Mükemmel anne sendromu
Önemli başka bir boyut da mükemmel anne, mükemmel eş ve mükemmel iş kadim olmaya çalışırken arada sıkışıp kalan kadının yaşadığı depresyondur. Doğum sonrası depresyon dediğimiz durumu yaşamasa bile bir süre çocuğuyla ilgilenip sonra iş kariyerine devam etmek isteyen annelerde hem çocuğunun ihtiyacını eksiksiz karşılama çabalan hem de eş olarak görevlerini yerine getirme koşuşturması arasında yaşanan çaresizlik hislerinin yetersizliğe sonrasında da karamsarlık ve depresyona doğru gittiğini görmekteyiz. Bu dönemde kadının eşinden ve yakınlarından destek görmesi ve onay alması depresyonu önleyici ve iyileştirici öncelikli etkenlerdir.
Depresyonlu annenin çocuğuna tutumu
Hem doğum sonrası depresyon hem de annenin daha sonraki dönemlerde yaşadığı depresyon çocuğuna karşı olumsuz tutumlar sergilenmesine neden olur. Çocuğun bilişsel, sosyal ve duygusal gelişiminde anne ile olan önemi göz önünde bulundurulduğunda annenin çocuğa karşı aşırı soğuk ve ilgisiz yada tam tersine aşın korumacı olması yada sert olması çocuğun gelişim alanlarını olumsuz etkileyecektir.

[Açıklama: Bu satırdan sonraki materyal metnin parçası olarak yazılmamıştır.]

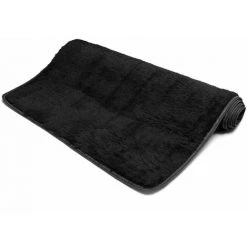 INSMA Tapis Moelleux Antiderapant Shaggy Tapis Tapis De Yoga Maison Chambre étage Salle à Manger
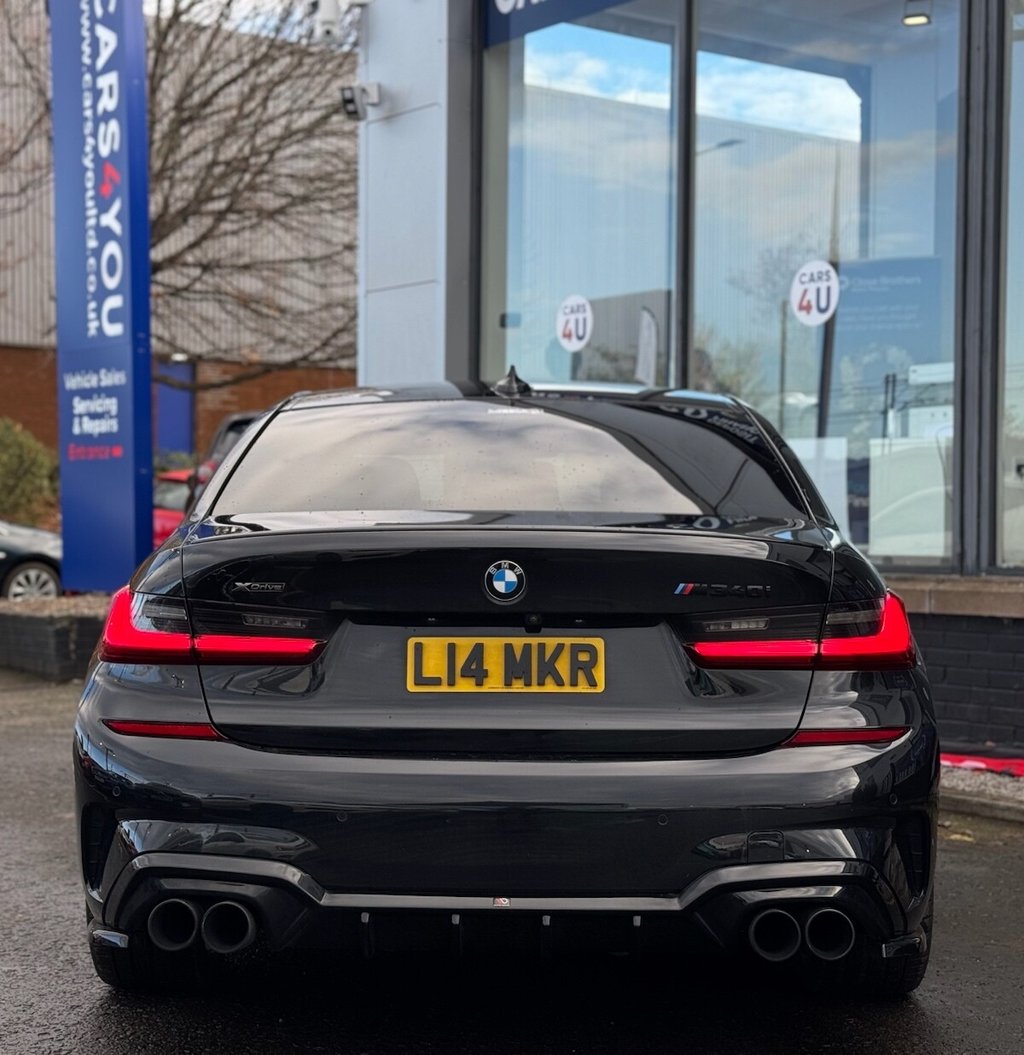 Used BMW 3 Series 2020 for sale - 76486988: Photo 6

Özellikle anne ve çocuk arasında ilk bir yılda gelişmesi gereken güvenli bağlanma yapısı doğum sonrası depresyon yaşayan annelerde sağlıklı bir şekilde gelişemez ve bu da sonraki süreçlerde çocuğun kişilik yapısında sıkıntılara yol açar.
Bu önerilere kulak verin
Anne olduktan sonra bu süreçte kadının kendine zaman ayırabilmesi, dinlenebilmesi, çocuğa dair sorumlulukları eşi ile paylaşıp bütün kendi üstünde hissetmemesi, çevresinden, yakınlarından anneliğine dair takdir görmesi, çocuğuyla tensel temas kurmaya özen gösterip verimli zaman geçirmesi, hafif egzersizler yada yürüyüşler yaparak vücudunu zinde tutması ve öz bakımına dikkat etmesi depresyon oluşumu ve ilerlemesini önleyici faktörler olması adına önemlidir. Hem bireyin kendisi hem de aile içi ilişkiler için oldukça sıkıntı yaratabilecek bu sürecin en kısa zamanda ve sağlıklı bir şekilde atlatılması için geç kalınmadan bir uzmana danışılarak psikoterapi desteği alınması gerekmektedir.